During his 14 years working with Michael Cohen, Cox developed and managed large-scale communication campaigns as well as managed audience development initiatives for the firm’s television clients.  Prior to the Michael Cohen Group, Cox was Director of Corporate Communications at the National Broadcast Company (NBC). In this capacity, Cox managed the network’s internal communication initiatives and directed several public and governmental affairs campaigns. In addition, he served as a producer at the 1992 Summer Olympics in Barcelona, Spain. Before moving to New York City in 1987, Cox served as the Assistant Press Secretary to Indiana’s Lieutenant Governor. Cox is passionate about documentary filmmaking. His film, THE KILLER WITHIN, was nominated for an EMMY for best documentary. His documentary, QUESTIONING FAITH, was broadcast on HBO/CINEMAX and was ranked among the top 10 influential films of 2002. His short film, FRIENDS IN DEED, won a TELLY Award. Cox has been nominated for two additional EMMY Awards.

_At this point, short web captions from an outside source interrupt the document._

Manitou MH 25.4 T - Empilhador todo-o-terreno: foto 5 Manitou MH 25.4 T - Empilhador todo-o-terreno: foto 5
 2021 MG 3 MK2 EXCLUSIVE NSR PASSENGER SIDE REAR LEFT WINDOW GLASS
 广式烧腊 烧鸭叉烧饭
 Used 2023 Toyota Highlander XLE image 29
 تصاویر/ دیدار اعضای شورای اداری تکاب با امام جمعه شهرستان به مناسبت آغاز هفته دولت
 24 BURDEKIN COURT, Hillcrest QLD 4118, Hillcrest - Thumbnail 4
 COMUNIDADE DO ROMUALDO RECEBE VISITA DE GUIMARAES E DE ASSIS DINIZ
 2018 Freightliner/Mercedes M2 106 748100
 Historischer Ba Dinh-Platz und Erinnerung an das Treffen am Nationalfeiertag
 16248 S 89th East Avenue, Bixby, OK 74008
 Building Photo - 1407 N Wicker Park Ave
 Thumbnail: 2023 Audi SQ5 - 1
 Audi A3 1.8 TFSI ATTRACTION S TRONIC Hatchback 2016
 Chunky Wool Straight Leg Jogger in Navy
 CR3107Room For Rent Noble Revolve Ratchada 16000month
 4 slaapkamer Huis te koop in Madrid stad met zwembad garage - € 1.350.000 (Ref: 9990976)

Cox received Purdue's 2004 College of Liberal Arts Distinguished Alumni Award and the Gold Medal for creativity from the Council for Advancement and Support of Education (CASE). Cox is celebrating his 28th year as a volunteer at the Dwelling Place, a shelter for homeless women located in Hell’s Kitchen in New York City. Cox is a past member of the Advisory Board for the Brian Lamb School of Communications at Purdue University. He has served on the Board for Columbia University’s Community Service initiative, is a past member of the Board of Directors for the Dwelling Place, and is a past member of the Auburn Media Project’s Board of Advisors.